Only the lines from the one with "hama 5-fach Steckdosenleiste" to the end of the listing below should be set down, exactly as written and without any pictures.

__Dataset content__
____________

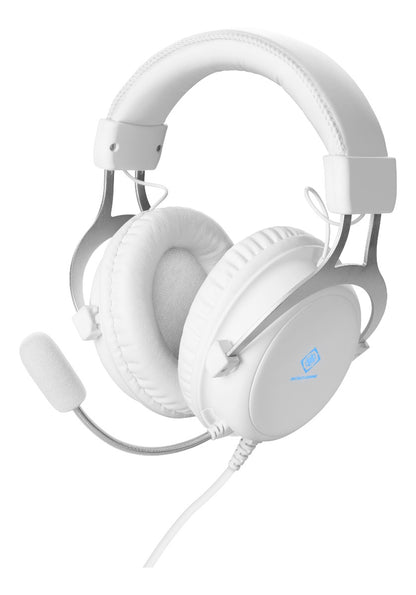DELTACO GAM-030-W Stereo Gaming Headset, 57mm drivers, 2 x 3.5 mm mini-jack, volume op headset, LED verlichting, Wit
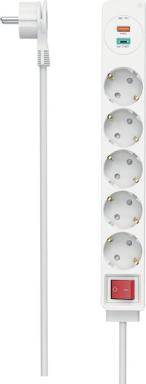 hama 5-fach Steckdosenleiste mit Schalter 1,4 m weiß mit USB-Buchse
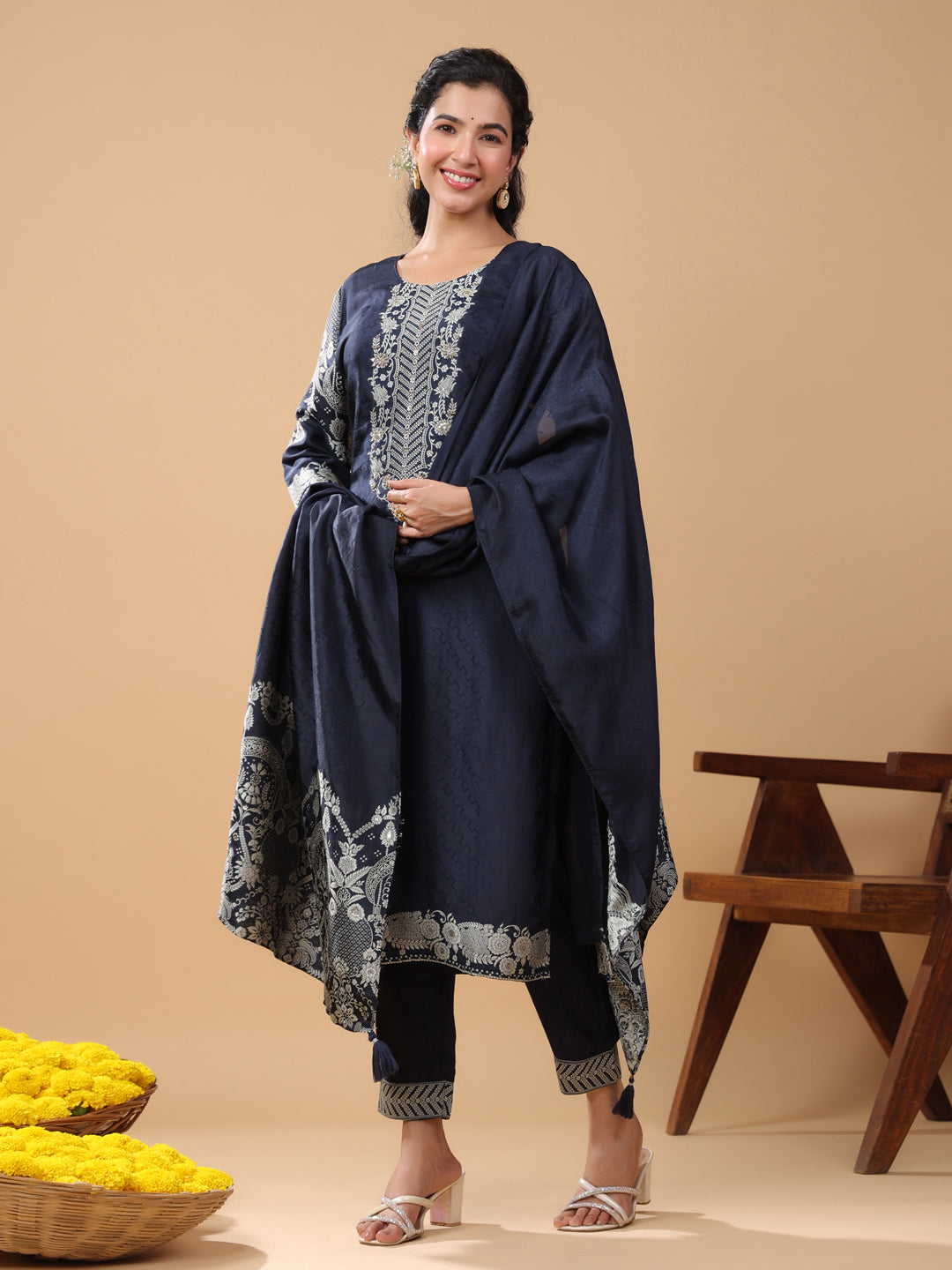 Navy Blue Chanderi Silk Jacquard Straight Kurta Set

____________

__Output for this exercise__
 hama 5-fach Steckdosenleiste mit Schalter 1,4 m weiß mit USB-Buchse
 Navy Blue Chanderi Silk Jacquard Straight Kurta Set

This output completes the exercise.